The SAIF had become shaky as more thrifts either converted to banks or went out of business, leaving fewer S&Ls around to make annual payments. Large payments on S&L rescue bonds also drained revenue from the SAIF.
Despite the insurance fund's problems, the S&Ls financial nightmare of the 1980s has largely ended. The industry now is healthy enough to shoulder much of the one-time $4.5 billion SAIF rescue payment. The FDIC oversees the separate deposit insurance funds for banks and S&Ls.
Congress passed the SAIF rescue after hearing repeated warnings of a brewing crisis in the S&L industry: a huge mismatch between the insurance rates charged to banks and thrifts.

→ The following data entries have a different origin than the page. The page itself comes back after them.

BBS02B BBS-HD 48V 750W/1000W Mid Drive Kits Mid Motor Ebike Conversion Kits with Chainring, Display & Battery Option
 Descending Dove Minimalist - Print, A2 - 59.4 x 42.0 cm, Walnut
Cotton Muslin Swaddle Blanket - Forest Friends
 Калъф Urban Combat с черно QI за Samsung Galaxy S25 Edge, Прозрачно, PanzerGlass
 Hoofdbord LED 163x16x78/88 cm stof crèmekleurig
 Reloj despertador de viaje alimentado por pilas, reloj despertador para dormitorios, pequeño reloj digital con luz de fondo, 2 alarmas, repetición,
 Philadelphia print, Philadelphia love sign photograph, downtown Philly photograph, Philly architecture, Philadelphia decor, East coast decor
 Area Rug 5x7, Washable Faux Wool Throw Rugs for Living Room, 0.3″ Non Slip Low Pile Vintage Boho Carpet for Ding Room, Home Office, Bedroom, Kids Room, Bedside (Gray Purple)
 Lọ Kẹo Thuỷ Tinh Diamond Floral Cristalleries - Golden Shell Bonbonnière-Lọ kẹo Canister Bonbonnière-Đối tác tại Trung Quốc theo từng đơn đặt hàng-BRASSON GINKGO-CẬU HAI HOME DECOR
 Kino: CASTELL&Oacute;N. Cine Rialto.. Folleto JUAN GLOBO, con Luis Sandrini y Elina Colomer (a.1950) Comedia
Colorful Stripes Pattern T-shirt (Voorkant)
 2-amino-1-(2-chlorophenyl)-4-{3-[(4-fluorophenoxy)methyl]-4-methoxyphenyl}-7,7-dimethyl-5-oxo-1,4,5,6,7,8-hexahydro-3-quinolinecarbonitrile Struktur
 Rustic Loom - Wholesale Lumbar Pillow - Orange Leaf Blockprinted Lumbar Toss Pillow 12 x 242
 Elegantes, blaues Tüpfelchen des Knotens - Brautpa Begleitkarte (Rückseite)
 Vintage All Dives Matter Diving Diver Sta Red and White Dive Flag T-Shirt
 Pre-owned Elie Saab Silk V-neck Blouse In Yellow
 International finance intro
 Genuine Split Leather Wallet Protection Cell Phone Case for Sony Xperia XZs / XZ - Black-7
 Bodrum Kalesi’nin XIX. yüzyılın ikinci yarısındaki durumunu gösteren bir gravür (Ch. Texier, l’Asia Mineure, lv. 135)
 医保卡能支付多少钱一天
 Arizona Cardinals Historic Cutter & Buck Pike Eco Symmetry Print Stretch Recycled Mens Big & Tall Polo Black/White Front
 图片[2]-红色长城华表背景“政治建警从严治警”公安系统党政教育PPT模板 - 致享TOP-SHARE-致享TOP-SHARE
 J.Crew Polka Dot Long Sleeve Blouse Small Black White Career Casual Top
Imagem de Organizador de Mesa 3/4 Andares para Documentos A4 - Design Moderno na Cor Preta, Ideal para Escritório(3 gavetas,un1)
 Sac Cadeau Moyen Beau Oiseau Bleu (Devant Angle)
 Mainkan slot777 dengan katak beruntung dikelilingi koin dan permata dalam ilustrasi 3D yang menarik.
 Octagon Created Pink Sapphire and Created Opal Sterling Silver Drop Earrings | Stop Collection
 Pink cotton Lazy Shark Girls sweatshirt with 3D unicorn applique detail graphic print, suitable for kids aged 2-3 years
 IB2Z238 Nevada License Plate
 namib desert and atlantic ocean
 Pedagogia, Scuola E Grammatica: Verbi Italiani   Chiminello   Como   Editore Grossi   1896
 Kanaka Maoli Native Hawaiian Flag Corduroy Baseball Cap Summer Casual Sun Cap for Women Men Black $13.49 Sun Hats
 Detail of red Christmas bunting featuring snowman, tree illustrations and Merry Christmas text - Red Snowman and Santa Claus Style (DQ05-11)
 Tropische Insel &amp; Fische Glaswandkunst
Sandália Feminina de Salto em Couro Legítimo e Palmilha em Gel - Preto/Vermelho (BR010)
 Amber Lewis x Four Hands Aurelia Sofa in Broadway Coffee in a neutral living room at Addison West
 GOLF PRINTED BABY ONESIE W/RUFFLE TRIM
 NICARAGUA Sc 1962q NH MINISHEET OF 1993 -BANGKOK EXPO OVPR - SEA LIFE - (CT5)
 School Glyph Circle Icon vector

The bank insurance fund, which is at record strength, charges healthy commercial banks only a minimal maintenance fee, while the SAIF insurance fee was 23 cents for each $100.
To save money, S&Ls were rapidly converting to commercial banks, thereby taking advantage of a huge savings for deposit insurance. In the second quarter, thrifts with $2.5 billion in deposits jumped ship to become banks. If this mismatch between the S&L and bank fees persisted, regulators feared most healthy thrifts would convert to banks, leaving only a handful of marginal S&Ls left to pay into the SAIF.
Roger Watson, the FDIC's director of research, said the SAIF plan was the culmination of a ``three-year effort on the part of the FDIC, administration and the Congress to avert what could have become another crisis in the deposit insurance system.''
The FDIC-approved rules levy a special one-time fee on S&Ls and some banks to bring the deposit fund to its target level of $1.25 per $100 in deposits.